Darah Kristus menjadi tebusan di mana jiwa kita boleh kembali kepada Tuhan Allah. Penetapan nilai jiwa manusia adalah setinggi darah Kristus. Hak azasi manusia yang diperjuangkan di PBB, yang diperjuangkan oleh Jimmy Carter, yang diperjuangkan di Helsinki, belum pernah menjadi standar yang lebih tinggi dari Kitab Suci. Mereka mengenal manusia tidak lebih tepat dari apa yang Tuhan katakan. Karena Allahlah yang menciptakan manusia, maka Dia yang paling tahu dimana dan berapa besar nilai manusia. Nilai manusia sedemikian berharga sampai jikalau bukan Anak Allah sendiri mati bagi mereka, mereka tidak bisa ditebus dan tidak bisa kembali kepada Tuhan.
  1. The sacrifice of the reconciliation (Pengorbanan yang mendamaikan)

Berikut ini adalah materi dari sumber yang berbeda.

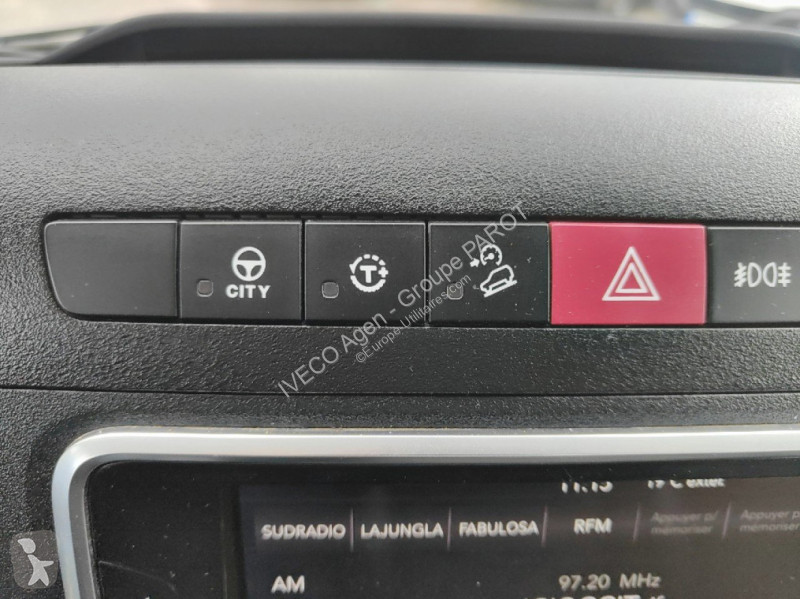 Veicolo commerciale Iveco 35C16H3.0 empattement...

Reconciliation berarti memperdamaikan. Pada waktu Kristus mati, harga sudah dibayar, kita ditebus kembali. Pada waktu Yesus Kristus mati, kebencian sudah ditanggung, dan segala kemarahan sudah dihentikan, kita berdamai kembali dengan Tuhan Allah Bapa di dalam surga. Satu pertanyaan yang perlu kita pikirkan adalah Kristus membayar harga untuk menebus kita, harganya dibayar kepada siapa? Iblis atau Allah Bapa atau dunia? Pertanyaan ini baru pada abad ke X dapat dijawab tuntas. Abad I teolog-teolog mempunyai pikiran yang berbeda-beda. Tertullian (abad II) mengatakan: "Membayar harga yang tunai kepada setan, supaya tangan setan tidak lagi bisa memegang kita, dan kita keluar dari tangannya." Tetapi abad XI seorang yang bernama Anselm menulis buku yang berjudul "Mengapa Allah Menjadi Manusia?" Di dalam bukunya mengatakan, "Kepada siapa kita berhutang?" Jika Allah membayar kepada setan, seolah-olah ada persekongkolan antara Allah dengan setan.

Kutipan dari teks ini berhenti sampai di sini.